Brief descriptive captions

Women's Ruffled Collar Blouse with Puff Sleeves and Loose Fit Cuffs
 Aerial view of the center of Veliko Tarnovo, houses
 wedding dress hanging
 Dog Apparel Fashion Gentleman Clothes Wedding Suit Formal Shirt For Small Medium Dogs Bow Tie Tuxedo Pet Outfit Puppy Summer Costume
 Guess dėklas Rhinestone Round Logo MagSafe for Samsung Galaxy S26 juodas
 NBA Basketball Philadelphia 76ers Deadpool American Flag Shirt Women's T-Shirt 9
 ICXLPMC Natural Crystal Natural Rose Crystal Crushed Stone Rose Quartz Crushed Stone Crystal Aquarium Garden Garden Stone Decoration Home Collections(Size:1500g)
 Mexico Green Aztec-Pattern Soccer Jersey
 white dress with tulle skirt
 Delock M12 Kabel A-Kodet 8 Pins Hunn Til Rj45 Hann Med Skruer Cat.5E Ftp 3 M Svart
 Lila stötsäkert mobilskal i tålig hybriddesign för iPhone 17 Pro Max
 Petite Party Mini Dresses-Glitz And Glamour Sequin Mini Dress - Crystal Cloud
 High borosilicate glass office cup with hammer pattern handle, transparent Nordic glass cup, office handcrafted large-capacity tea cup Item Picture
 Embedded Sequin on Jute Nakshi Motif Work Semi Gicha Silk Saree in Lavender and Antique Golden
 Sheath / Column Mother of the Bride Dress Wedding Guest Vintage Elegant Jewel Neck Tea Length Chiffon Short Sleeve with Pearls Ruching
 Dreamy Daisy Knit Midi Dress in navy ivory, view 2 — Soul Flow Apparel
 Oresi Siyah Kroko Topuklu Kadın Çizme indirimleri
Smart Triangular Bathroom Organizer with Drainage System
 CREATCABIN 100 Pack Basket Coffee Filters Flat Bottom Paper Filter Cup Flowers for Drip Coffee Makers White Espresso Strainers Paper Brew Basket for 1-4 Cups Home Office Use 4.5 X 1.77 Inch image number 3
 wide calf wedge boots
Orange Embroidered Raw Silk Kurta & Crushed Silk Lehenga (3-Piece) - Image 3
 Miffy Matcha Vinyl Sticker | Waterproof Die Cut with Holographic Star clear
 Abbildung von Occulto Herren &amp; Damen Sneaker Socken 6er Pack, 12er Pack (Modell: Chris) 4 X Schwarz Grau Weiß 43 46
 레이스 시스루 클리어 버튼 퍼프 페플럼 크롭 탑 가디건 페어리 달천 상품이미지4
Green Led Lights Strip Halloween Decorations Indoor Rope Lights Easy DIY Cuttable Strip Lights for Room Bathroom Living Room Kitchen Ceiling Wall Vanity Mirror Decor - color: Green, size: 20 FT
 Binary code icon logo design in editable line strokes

WORK REQUIRED
Set down only the lines from the line with "CREATCABIN 100 Pack" through the last line of the data above, keeping both the first and the last.

FINISHED EXERCISE
 CREATCABIN 100 Pack Basket Coffee Filters Flat Bottom Paper Filter Cup Flowers for Drip Coffee Makers White Espresso Strainers Paper Brew Basket for 1-4 Cups Home Office Use 4.5 X 1.77 Inch image number 3
 wide calf wedge boots
Orange Embroidered Raw Silk Kurta & Crushed Silk Lehenga (3-Piece) - Image 3
 Miffy Matcha Vinyl Sticker | Waterproof Die Cut with Holographic Star clear
 Abbildung von Occulto Herren &amp; Damen Sneaker Socken 6er Pack, 12er Pack (Modell: Chris) 4 X Schwarz Grau Weiß 43 46
 레이스 시스루 클리어 버튼 퍼프 페플럼 크롭 탑 가디건 페어리 달천 상품이미지4
Green Led Lights Strip Halloween Decorations Indoor Rope Lights Easy DIY Cuttable Strip Lights for Room Bathroom Living Room Kitchen Ceiling Wall Vanity Mirror Decor - color: Green, size: 20 FT
 Binary code icon logo design in editable line strokes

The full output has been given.